In this edition we take a look at some implications for real estate of the November Tax Administration and Maintenance Day; proposed reforms to The Electronic Communications Code; the progress of the Registration of Overseas Entities Bill; and private nuisance in the Supreme Court.
Real Estate Tax Update: Tax Administration and Maintenance Day on November 30, 2021
On November 30, 2021, the Government published a series of tax-related consultations and policy papers, including a number of interesting consultations relating to real estate.
Noteworthy are the consultations on SDLT reliefs currently available for purchases of mixed property and multiple dwellings and the call for evidence on simplifying the option to tax.

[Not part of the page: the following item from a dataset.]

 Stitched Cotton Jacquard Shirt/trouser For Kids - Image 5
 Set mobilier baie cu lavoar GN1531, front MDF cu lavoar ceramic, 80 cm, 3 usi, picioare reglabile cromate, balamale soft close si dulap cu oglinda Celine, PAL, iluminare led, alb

SDLT – mixed property and multiple dwellings
The Government is considering a range of reforms to the way in which SDLT applies to mixed property transactions (that is, those which involve both residential and non-residential property) and the introduction of restrictions on the availability of multiple dwellings relief.
Mixed property transactions are subject to SDLT at the non-residential rates, which are typically significantly lower than the residential rates. There is a concern that transactions which have a minimal non-residential element can and do benefit from the rules in an unintended way. The consultation looks at two proposals for reform:
- A requirement for purchasers to apportion the consideration between the residential and non-residential elements, with the relevant rates applying to each portion; and
- Introducing a rule that a transaction is only treated as “mixed” where the non-residential element is above a certain threshold (such as 50%).
In both cases, the “six or more dwellings” rule, which treats such acquisitions as non-residential would remain as currently drafted.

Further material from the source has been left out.